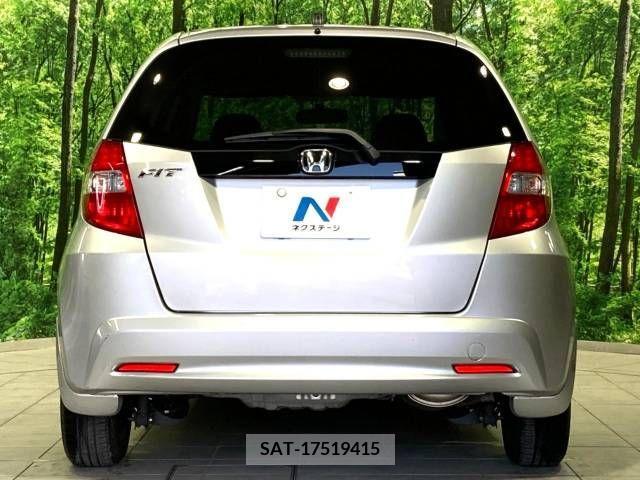 Honda FIT 2011-06 269468-13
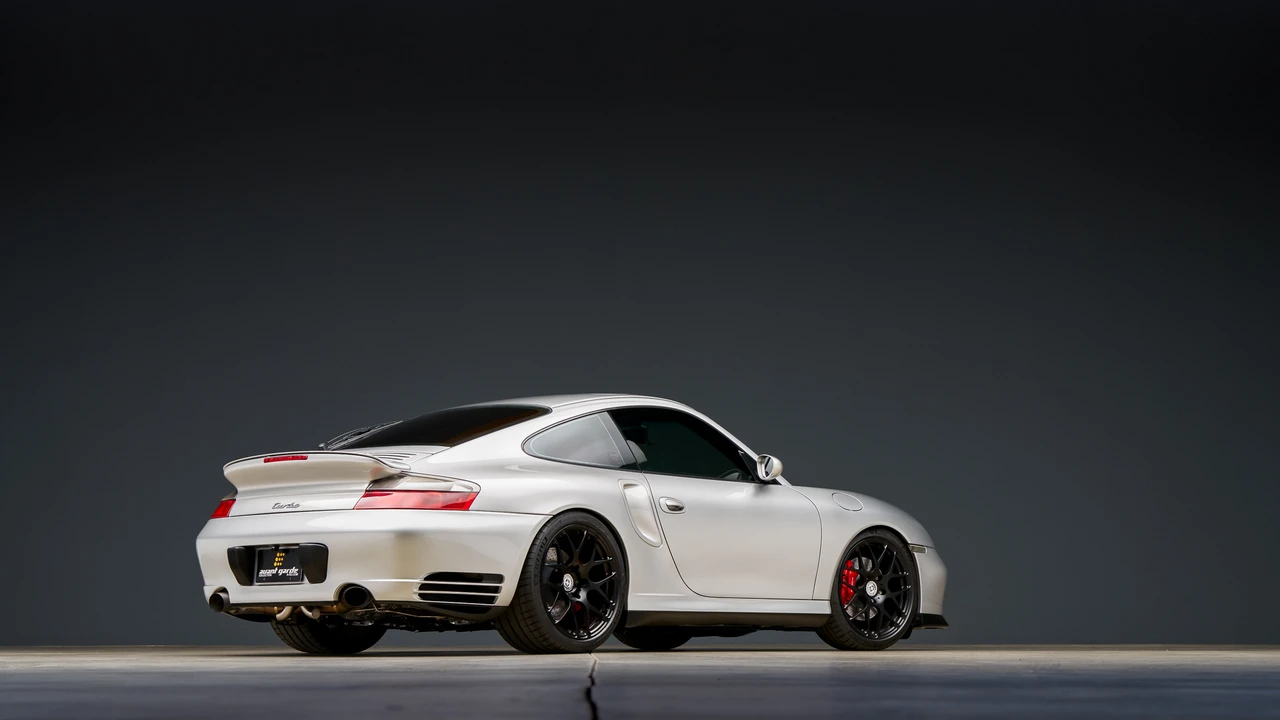 2003 Porsche 996 Turbo - Image 15 of 31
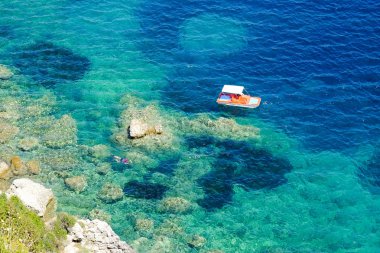 Dalgıç Yunanistan'da mavi sularda dalış yapıyor. Corfu Island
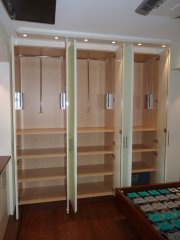 Schrank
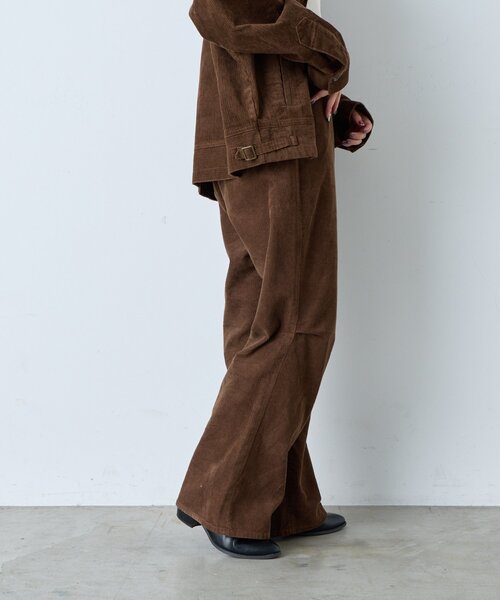 Kastane（カスタネ）の「【UNISEX/2サイズ展開/SETUP対応】コーデュロイニータックパンツ（その他パンツ・レディース・ブラウン/ネイビー・2/1）」の5枚目の写真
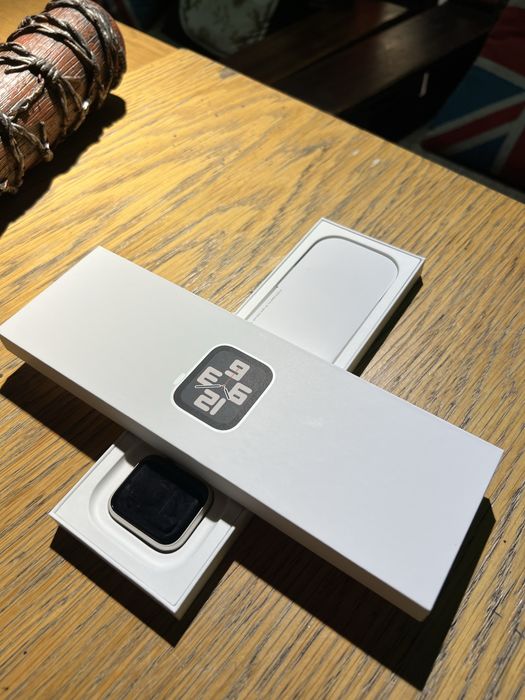 Apple watch SE продается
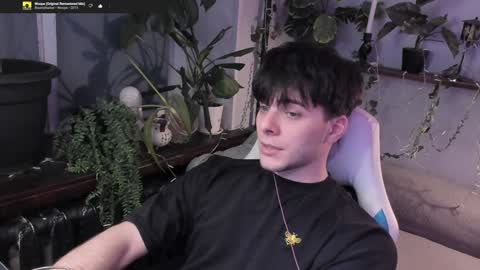 Gus online show from December 20, 4:25 pm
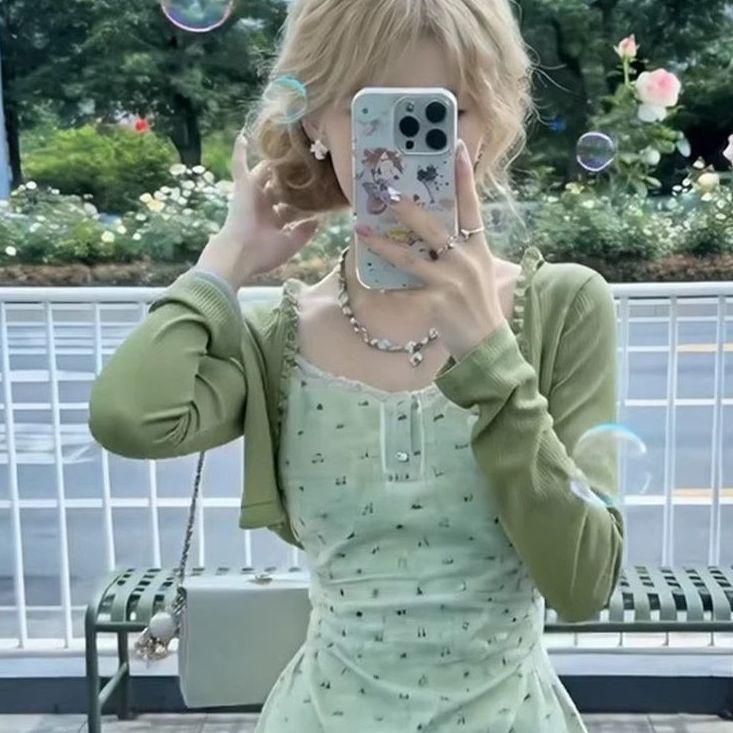 

Women s Petite Green Floral Spaghetti Strap Mini Dress, Spring 2026 French Style, Elegant Waist-Cinched Short Skirt Set S (suggested for 42.5-50 kg)
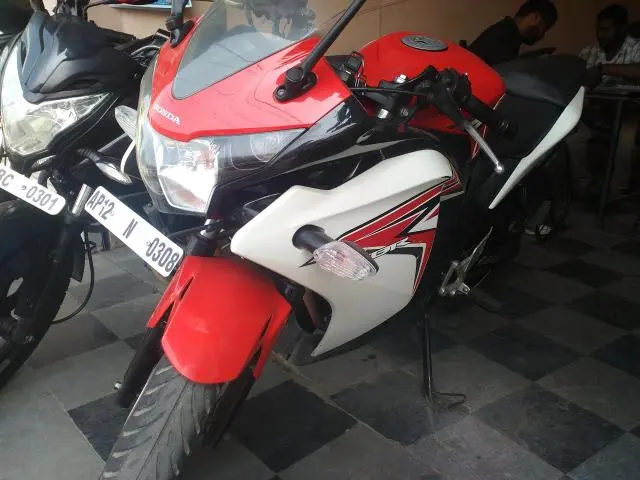 Honda CBR 150R 150cc 2012
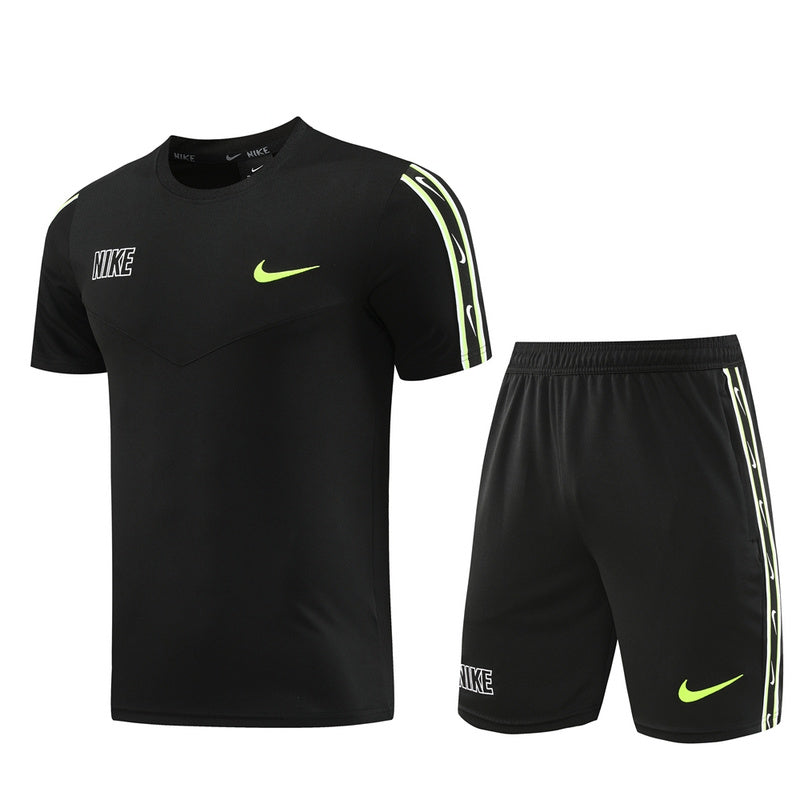 CONJUNTO NIKE REPEAT BERMUDA E CAMISA PRETO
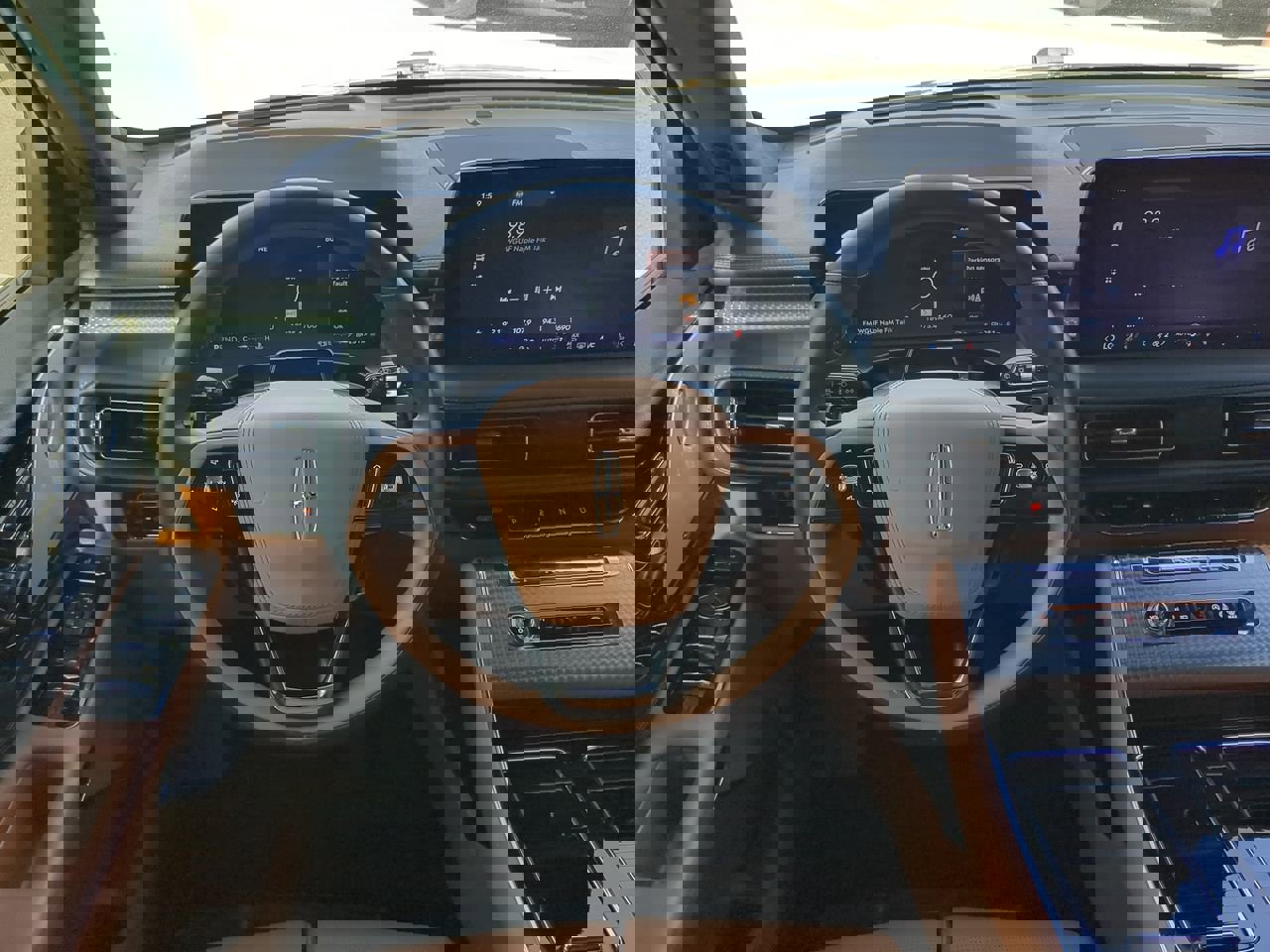 Used 2025 Lincoln Aviator Black Label w/ Jet Appearance Package image 16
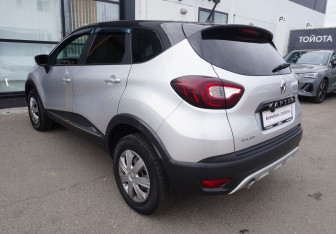 Подержанный автомобиль Renault Kaptur 2019 года (7 фото)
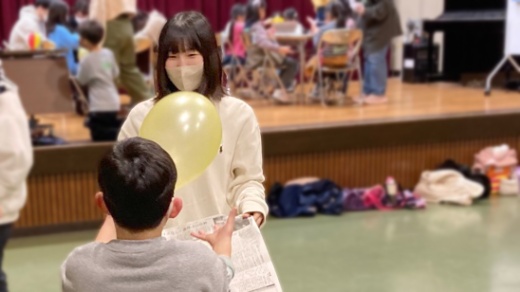 新聞紙を使って風船を地面落とさないように協力して遊びました。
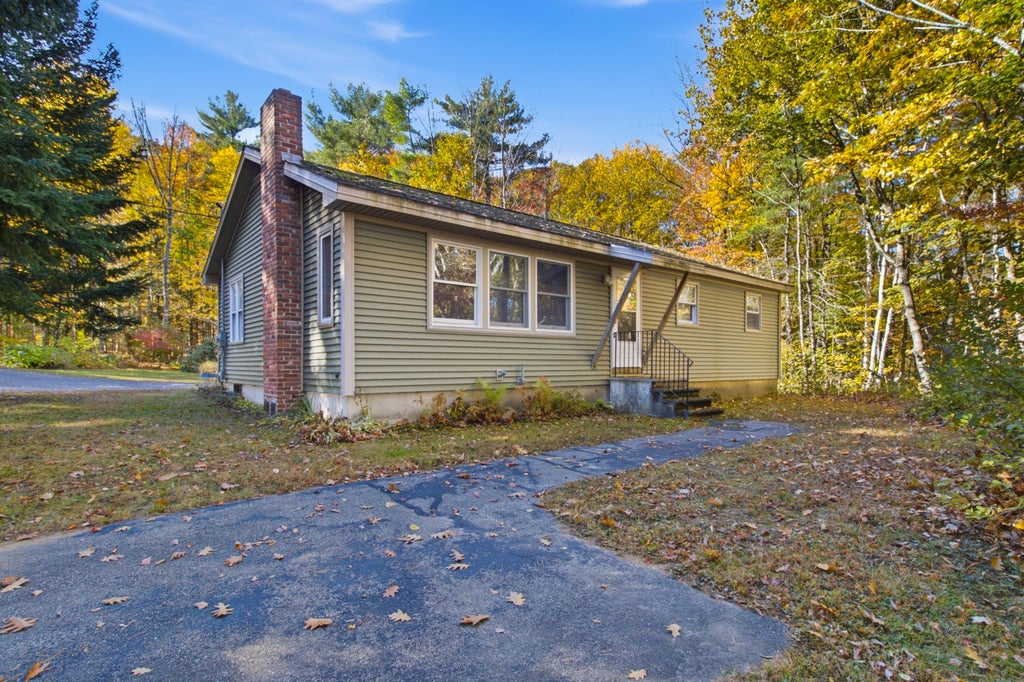 Photo of 707 S Pleasant Road, Lewiston, ME 04240 (MLS # 1685281)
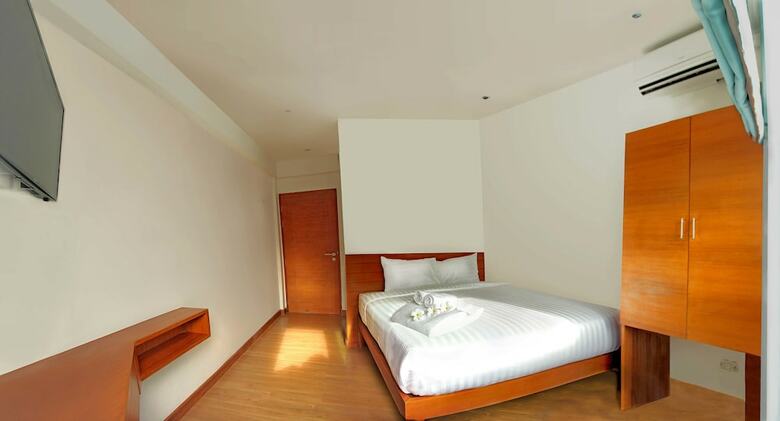 Hotel Maenam Bay Resort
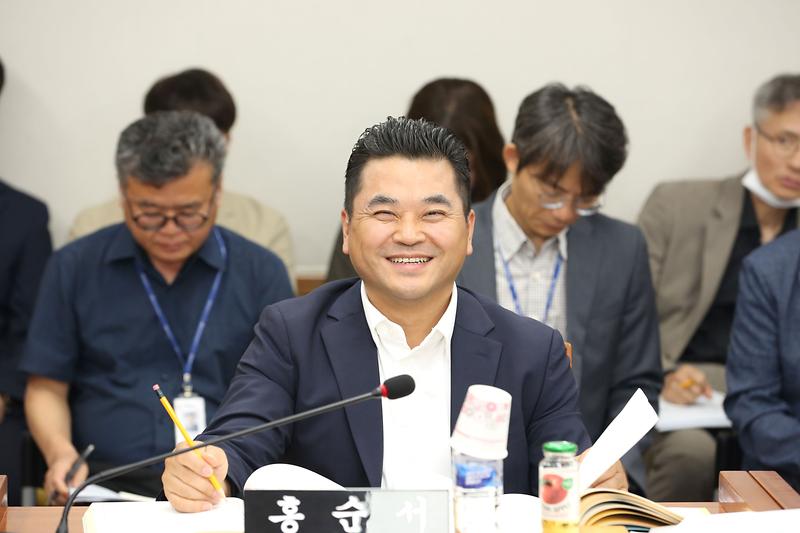 2024.06.13._제267회_제2차_자치행정위원회_(26).jpg 이미지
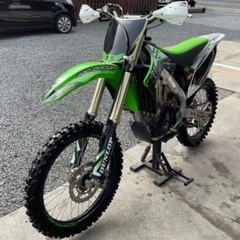 ０３〜０４年式ＫＸ２５０Ｆキャブ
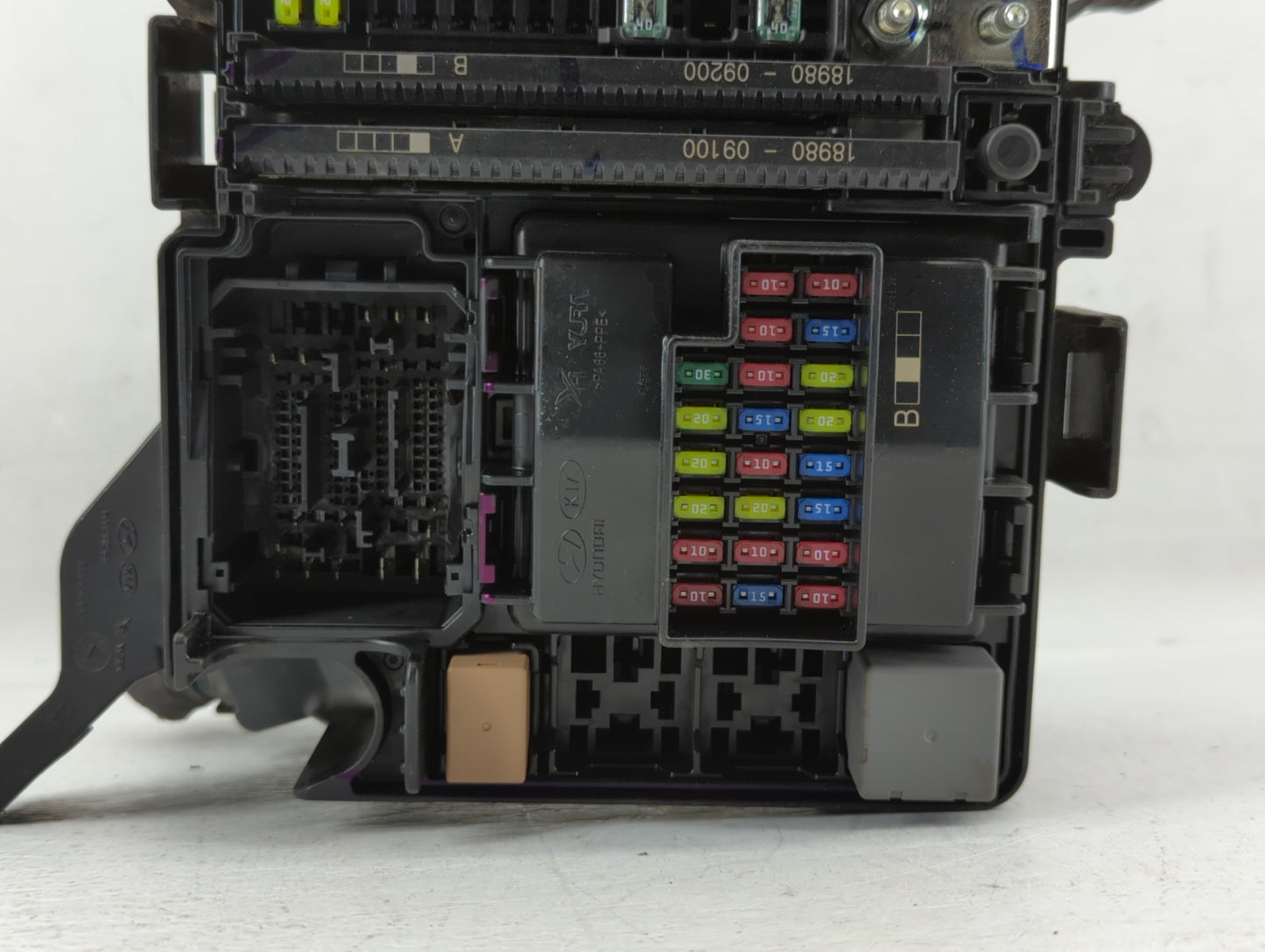 2016-2017 Hyundai Sonata Fusebox Fuse Box Panel Relay Module Fits Fits 2016 2017 OEM Used Auto Parts - Oemusedautoparts1.com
◇ ◇ ◇ ◇ ◇ ◇ ◇
**TASK ITEM:**
Write out every entry again word for word, without any of the pictures.

**SOLUTION FOR THIS TASK:**
 Honda FIT 2011-06 269468-13
 2003 Porsche 996 Turbo - Image 15 of 31
 Dalgıç Yunanistan'da mavi sularda dalış yapıyor. Corfu Island
 Schrank
 Kastane（カスタネ）の「【UNISEX/2サイズ展開/SETUP対応】コーデュロイニータックパンツ（その他パンツ・レディース・ブラウン/ネイビー・2/1）」の5枚目の写真
 Apple watch SE продается
 Gus online show from December 20, 4:25 pm

Women s Petite Green Floral Spaghetti Strap Mini Dress, Spring 2026 French Style, Elegant Waist-Cinched Short Skirt Set S (suggested for 42.5-50 kg)
 Honda CBR 150R 150cc 2012
 CONJUNTO NIKE REPEAT BERMUDA E CAMISA PRETO
 Used 2025 Lincoln Aviator Black Label w/ Jet Appearance Package image 16
 Подержанный автомобиль Renault Kaptur 2019 года (7 фото)
 新聞紙を使って風船を地面落とさないように協力して遊びました。
 Photo of 707 S Pleasant Road, Lewiston, ME 04240 (MLS # 1685281)
 Hotel Maenam Bay Resort
 2024.06.13._제267회_제2차_자치행정위원회_(26).jpg 이미지
 ０３〜０４年式ＫＸ２５０Ｆキャブ
 2016-2017 Hyundai Sonata Fusebox Fuse Box Panel Relay Module Fits Fits 2016 2017 OEM Used Auto Parts - Oemusedautoparts1.com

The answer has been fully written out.